## [Work to complete]
Every entry should be returned unchanged, with the pictures omitted.

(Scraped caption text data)
+++
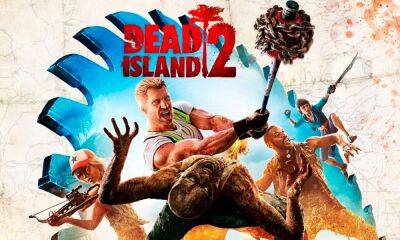 Dead Island 2 за всего три дня разошлась тиражом в миллион копий - fatalgame.com
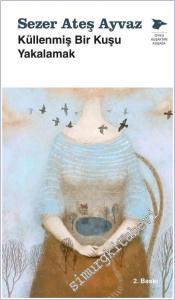 Küllenmiş Bir Kuşu Yakalamak -        2026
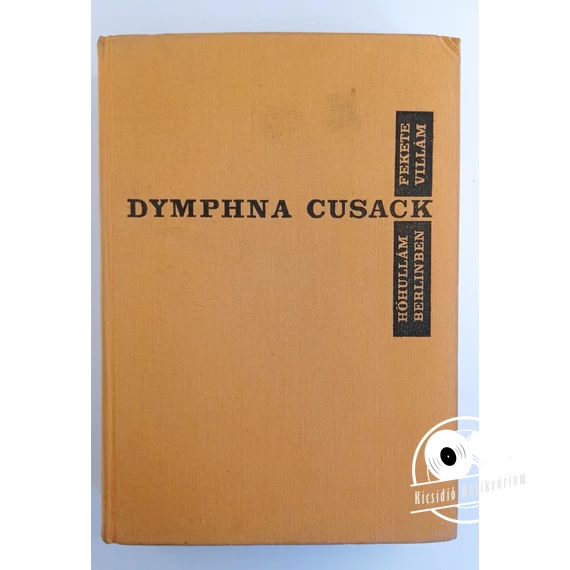 Dymphna Cusack - Hőhullám ​Berlinben / Fekete villám
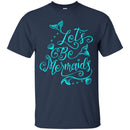 Let's Be Mermaids Tshirt & Hoodie CustomCat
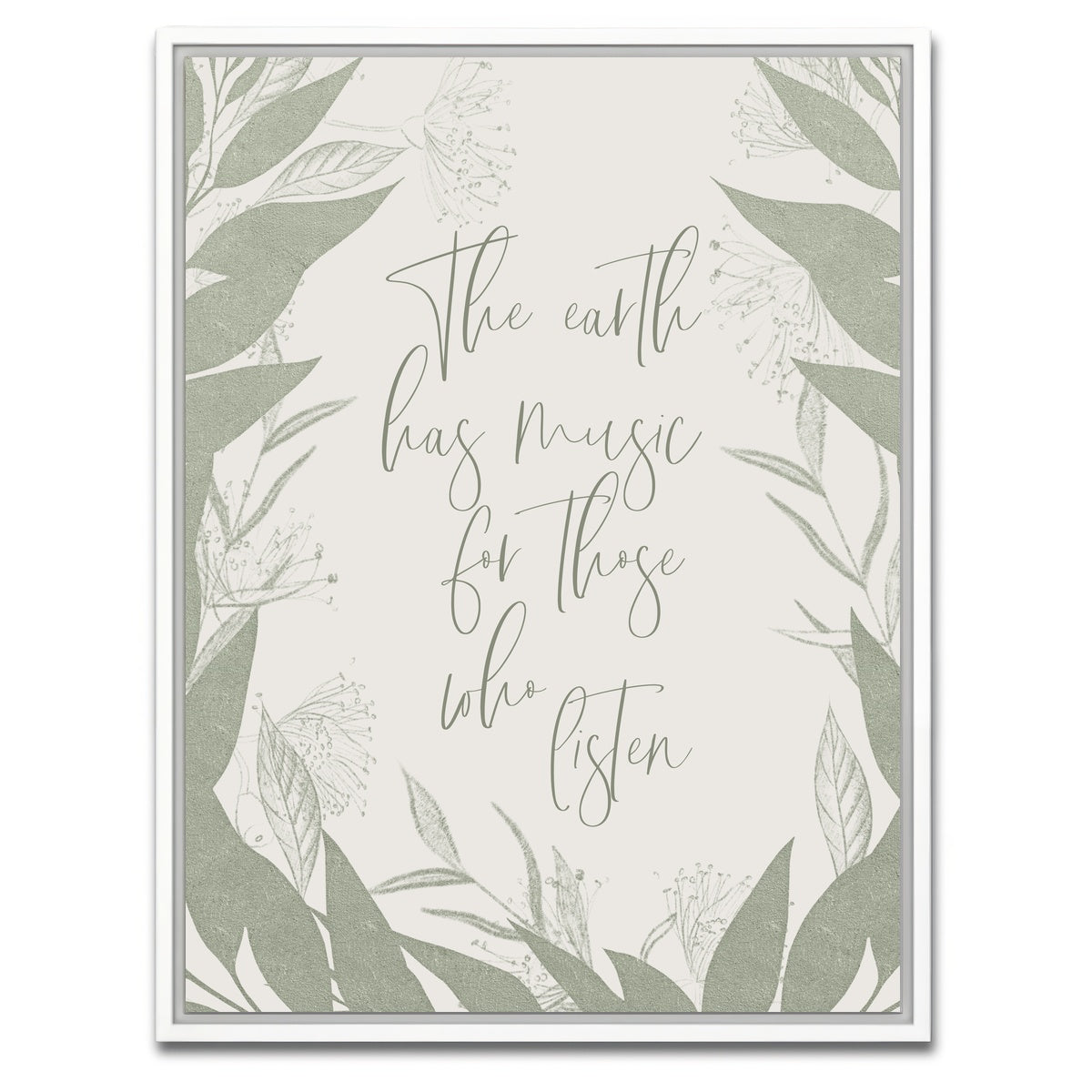 AUTO-MOCKUP WHITE | The earth has music for those who listen | 1 Piece | White Framed Canvas | group=3x4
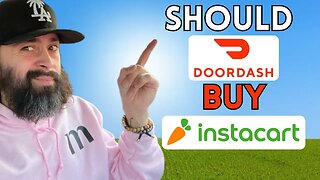Should DoorDash Buy Instacart?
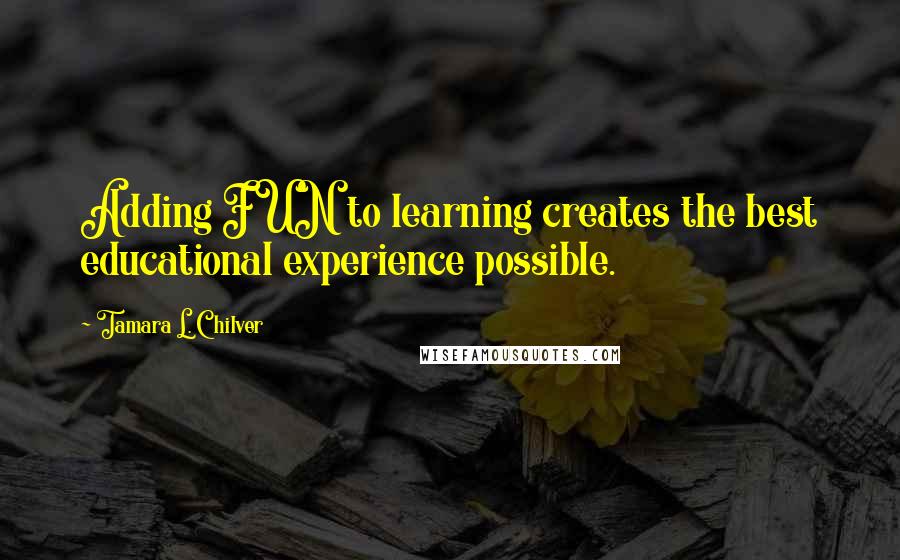 Tamara L. Chilver Quotes: Adding FUN to learning creates the best educational experience possible.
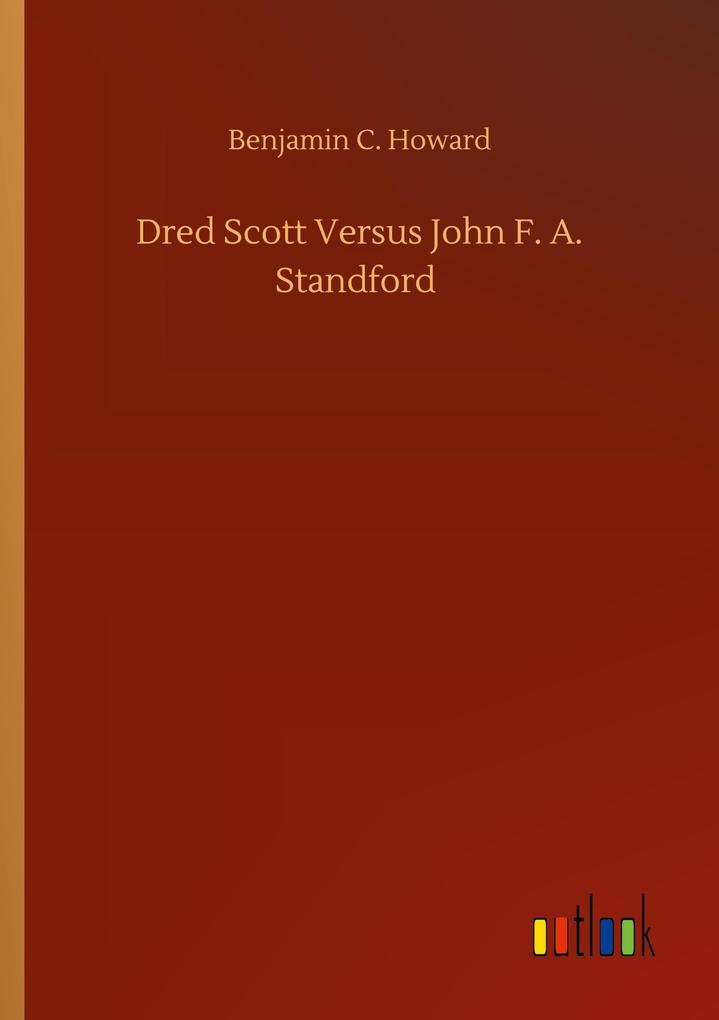 Dred Scott Versus John F. A. Standford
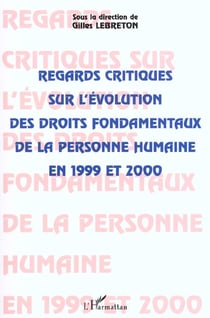 REGARDS CRITIQUES SUR L'ÉVOLUTION DES DROITS FONDAMENTAUX DE LA PERSONNE HUMAINE EN 1999 ET 2000
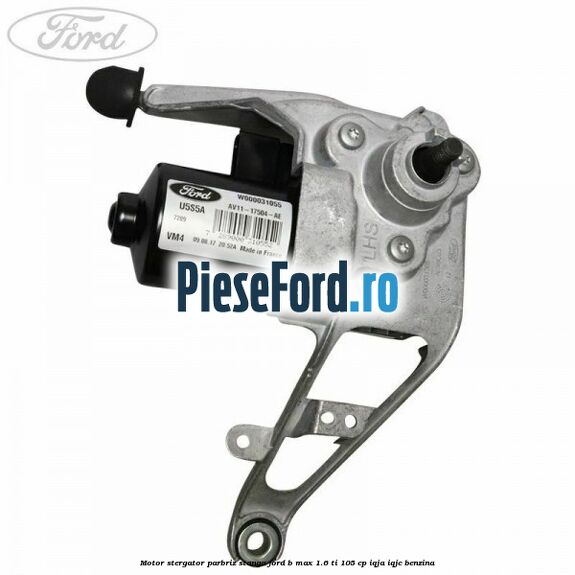 Motor stergator parbriz stanga Ford B-Max 1.6 Ti 105 cp IQJA, IQJC benzina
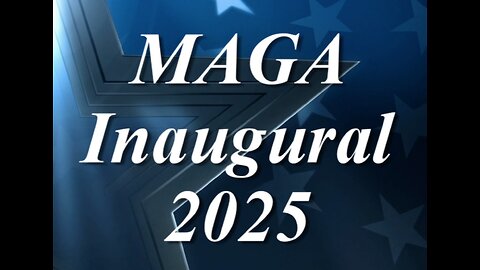 MAGA Inaugural 2025 Preview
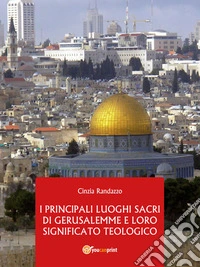 I principali luoghi sacri di Gerusalemme e il loro significato teologico. E-book. Formato Mobipocket ebook
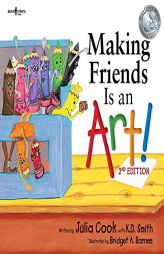 Making Friends Is an Art! 2nd Ed. by Julia Cook Paperback Book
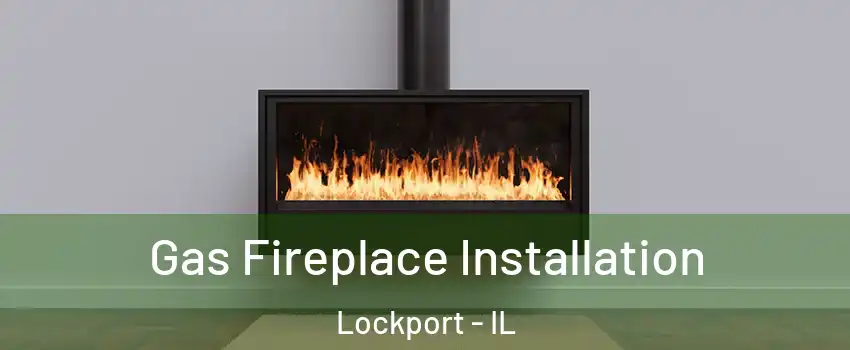  Gas Fireplace Installation Lockport - IL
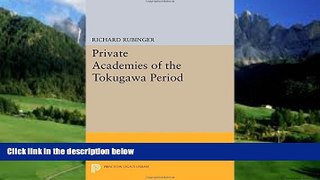 Online Richard Rubinger Private Academies of the Tokugawa Period (Princeton Legacy Library)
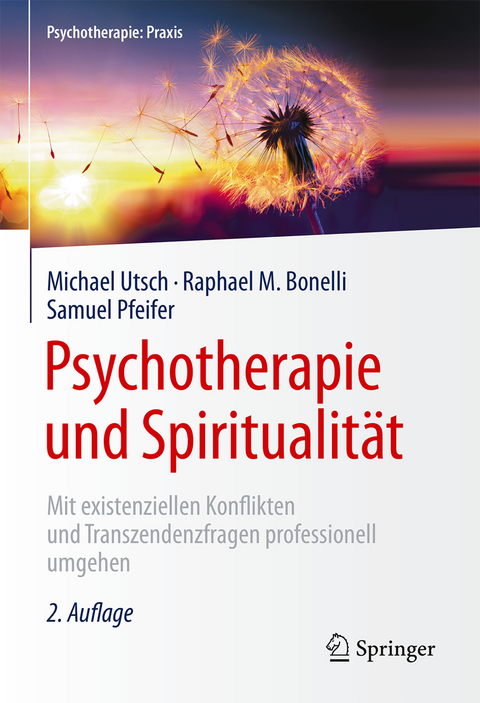 Psychotherapie und Spiritualität - Michael Utsch, Raphael M. Bonelli, Samuel Pfeifer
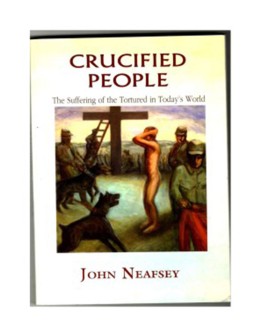 Crucified People: The Suffering of the Tortured in Today’s World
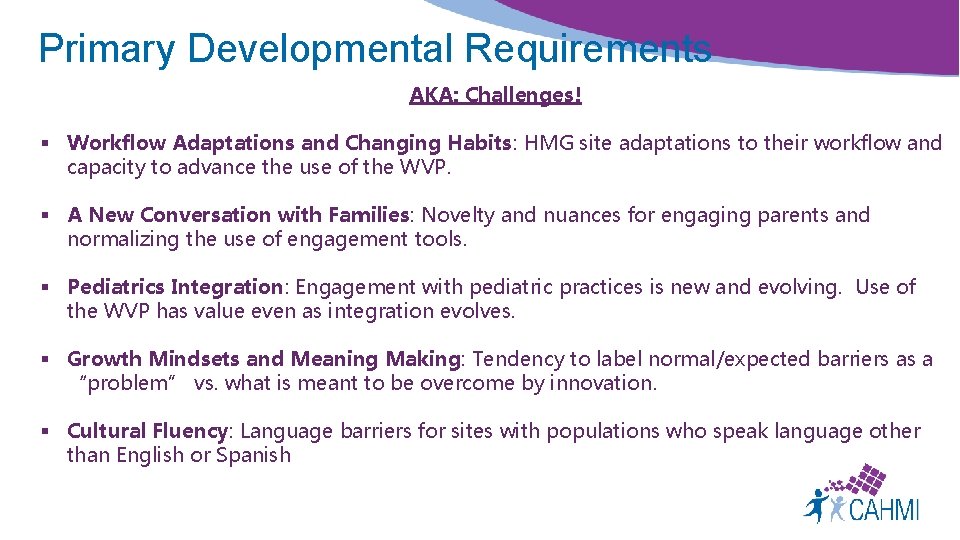 Primary Developmental Requirements AKA: Challenges! § Workflow Adaptations and Changing Habits: HMG site adaptations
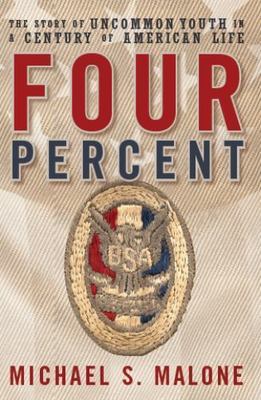 Four Percent: The Story of Uncommon Youth in a Ce- 0985909714, Malone, hardcover
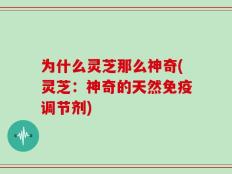 为什么灵芝那么神奇(灵芝：神奇的天然免疫调节剂)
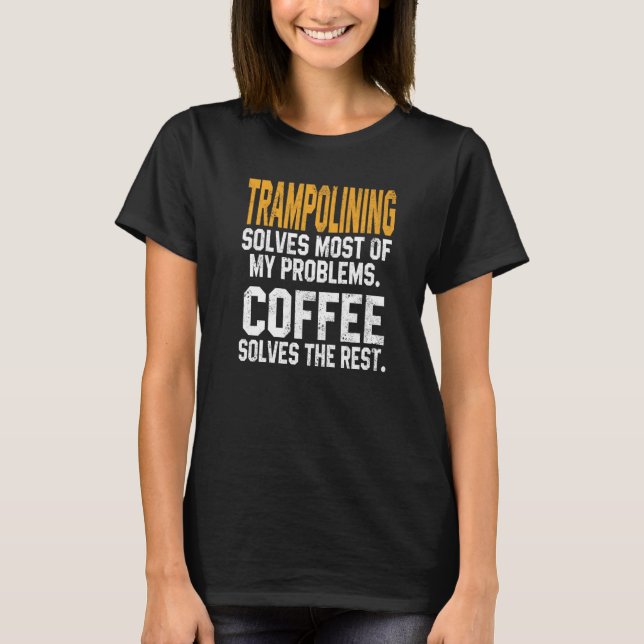 Trampolin Lösar Mina Problem Kaffe  Hoppande Kvinn T Shirt (Framsida)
+++
## [Exercise solution]
 Dead Island 2 за всего три дня разошлась тиражом в миллион копий - fatalgame.com
 Küllenmiş Bir Kuşu Yakalamak -        2026
 Dymphna Cusack - Hőhullám ​Berlinben / Fekete villám
 Let's Be Mermaids Tshirt & Hoodie CustomCat
 AUTO-MOCKUP WHITE | The earth has music for those who listen | 1 Piece | White Framed Canvas | group=3x4
Should DoorDash Buy Instacart?
 Tamara L. Chilver Quotes: Adding FUN to learning creates the best educational experience possible.
 Dred Scott Versus John F. A. Standford
 REGARDS CRITIQUES SUR L'ÉVOLUTION DES DROITS FONDAMENTAUX DE LA PERSONNE HUMAINE EN 1999 ET 2000
 Motor stergator parbriz stanga Ford B-Max 1.6 Ti 105 cp IQJA, IQJC benzina
 MAGA Inaugural 2025 Preview
 I principali luoghi sacri di Gerusalemme e il loro significato teologico. E-book. Formato Mobipocket ebook
 Making Friends Is an Art! 2nd Ed. by Julia Cook Paperback Book
  Gas Fireplace Installation Lockport - IL
 Online Richard Rubinger Private Academies of the Tokugawa Period (Princeton Legacy Library)
 Psychotherapie und Spiritualität - Michael Utsch, Raphael M. Bonelli, Samuel Pfeifer
 Crucified People: The Suffering of the Tortured in Today’s World
 Primary Developmental Requirements AKA: Challenges! § Workflow Adaptations and Changing Habits: HMG site adaptations
 Four Percent: The Story of Uncommon Youth in a Ce- 0985909714, Malone, hardcover
 为什么灵芝那么神奇(灵芝：神奇的天然免疫调节剂)
 Trampolin Lösar Mina Problem Kaffe  Hoppande Kvinn T Shirt (Framsida)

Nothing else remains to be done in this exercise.